You'll be responsible for:
  • Running structured experiments on robot platforms
  • Setting up physical tasks, materials, fixtures, and benchmarks for robot evaluations
  • Collecting high-quality robot data and tracking experimental conditions
  • Measuring real-world success rates across tasks, robots, and model variants
  • Designing evaluations with attention to controls, repeatability, statistical rigor, and sources of bias
  • Analyzing results to help distinguish real model improvements from noise
  • Synthesizing findings and communicating them clearly to ML researchers and engineers
  • Preparing robots, sensors, workspaces, and materials for rollouts and evaluations
  • Helping kick off training jobs, run evaluations, and organize results
  • Beta testing internal and third-party tools for teaching robots new skills
  • Troubleshooting physical setups, hardware issues, and procedural bottlenecks
  • Writing clear documentation and playbooks so others can reproduce workflows
  • Improving experimental reliability, data quality, and operational throughput over time
You might thrive in this role if you:
  • Have experience running experiments, lab studies, field studies, data collection workflows, or structured evaluations
  • Think carefully about experimental design, confounding factors, controls, sample sizes, variance, and what conclusions the data can actually support
  • Are diligent and detail-oriented, especially when tasks are repetitive but subtle differences matter
  • Enjoy hands-on work with physical systems, equipment, materials, or instruments
  • Are comfortable following protocols while also noticing when something is wrong or could be improved
  • Can coordinate many moving parts: robots, materials, tasks, data, model versions, metrics, and documentation
  • Communicate clearly and can summarize what happened, what changed, and what the evidence suggests
  • Are curious about machine learning and robotics, even if you are not yet an expert in either
  • Have some exposure to programming, data analysis, robotics, hardware, electronics, mechanical assembly, or experimental tooling
  • Prefer fast iteration, careful measurement, and empirical progress over abstract theory alone
About Generalist
At Generalist, we are on a mission to make general-purpose robots a reality. We believe the industries and homes of the future will depend on humans and machines working together in new ways. Robots can help us build more and get more done.

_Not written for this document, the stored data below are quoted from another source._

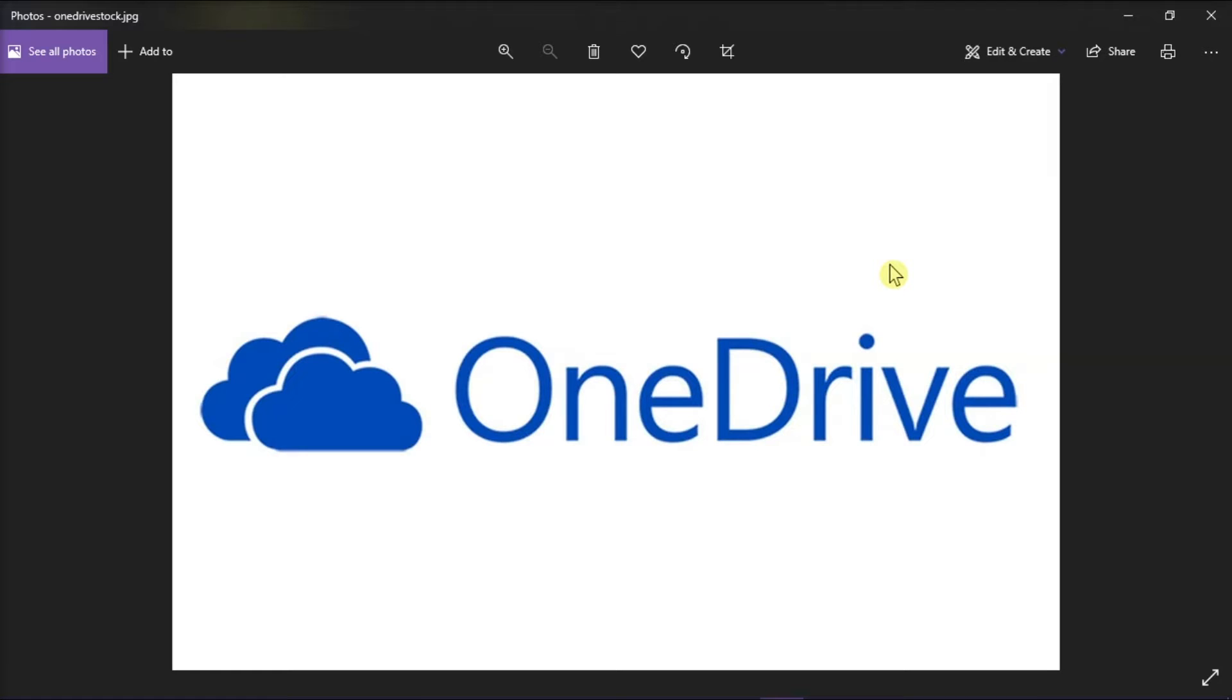Now if OneDrive is installed in your Windows 10 computer but cannot be started, you may check whether the registry and the group policy settings are configured correctly.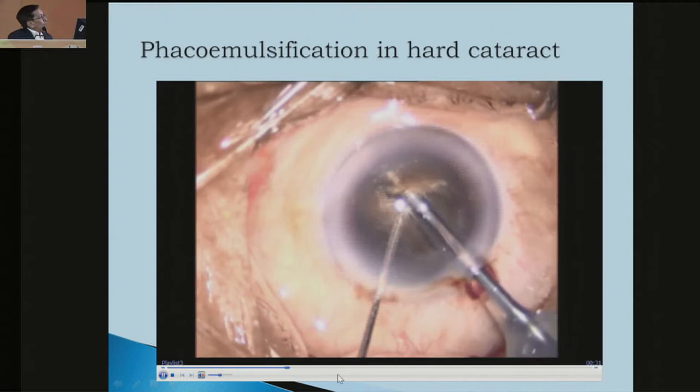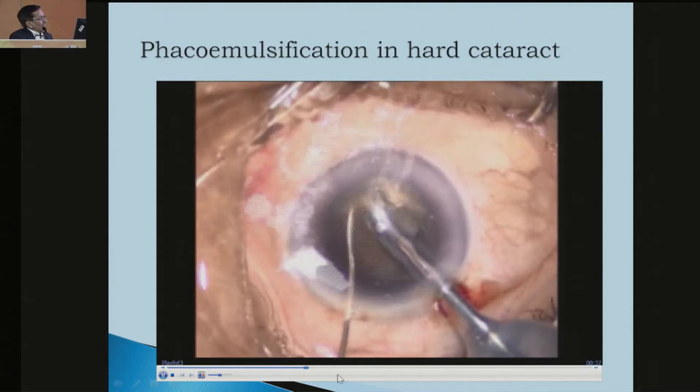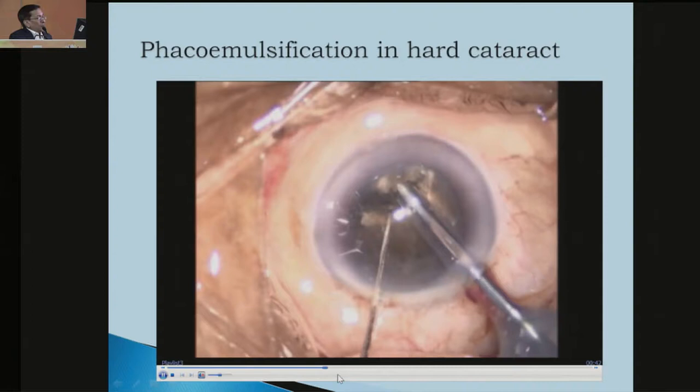Again, give slight phaco energy and with the chopper, crack the section and re-engage. So you can extend this cut up to the central portion of the nucleus.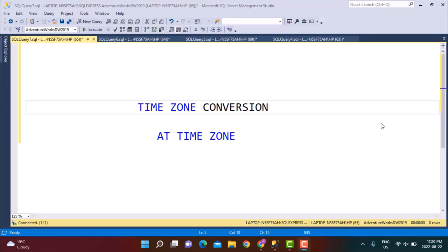Hello everyone and welcome to another SQL training session with Learn at No Stop. In today's video we are going to explore another SQL function which is used for time zone conversion. If you have data coming from two different time zones and you want to make a comparison between the two, you can use the SQL function AT TIME ZONE to perform that conversion and then do the comparison.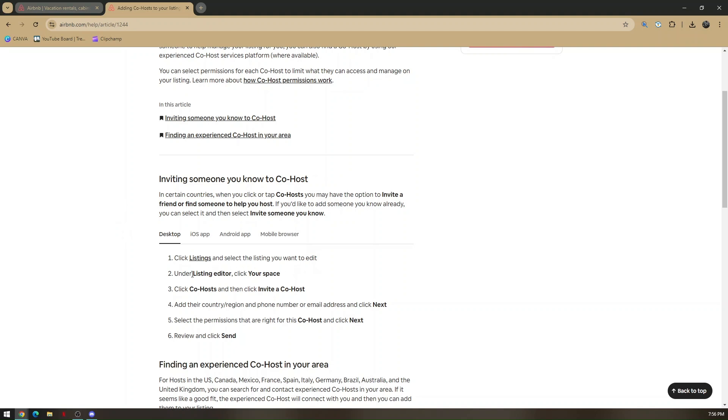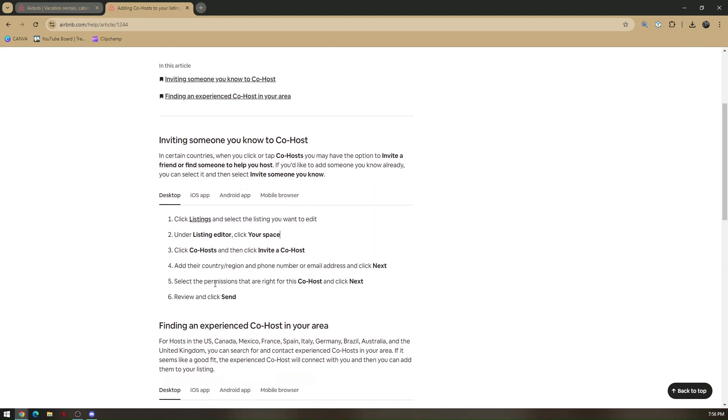Second, under Listing Editor, click Your Space, then click Co-host, then click Invite a Co-host. Add their country or region and phone number or email address.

We build embodied foundation models, starting with a focus on dexterity. This requires advancing the frontiers of data, models, and hardware, to enable robots to intelligently interact with the physical world.
The company embraces both large-scale AI and robotics as core to its DNA. Our team of researchers, roboticists, and company builders come from OpenAI, Boston Dynamics, Google DeepMind, and other frontier labs-with a track record of shipping AI breakthroughs. Before Generalist, we pioneered large embodied multimodal models and vision-language-action models (PaLM-E, RT-2, Gemini Robotics), launched and scaled ChatGPT and GPT-4 to hundreds of millions of users, engineered the foundations of autonomous driving, built next-generation robots (Atlas, Spot, Stretch) and pushed the limits of what they can do (from parkour to manipulation, and testing robustness).
We are an equal opportunity employer, and we do not discriminate on the basis of race, religion, color, national origin, sex, sexual orientation, age, veteran status, disability, genetic information, or other applicable legally protected characteristic.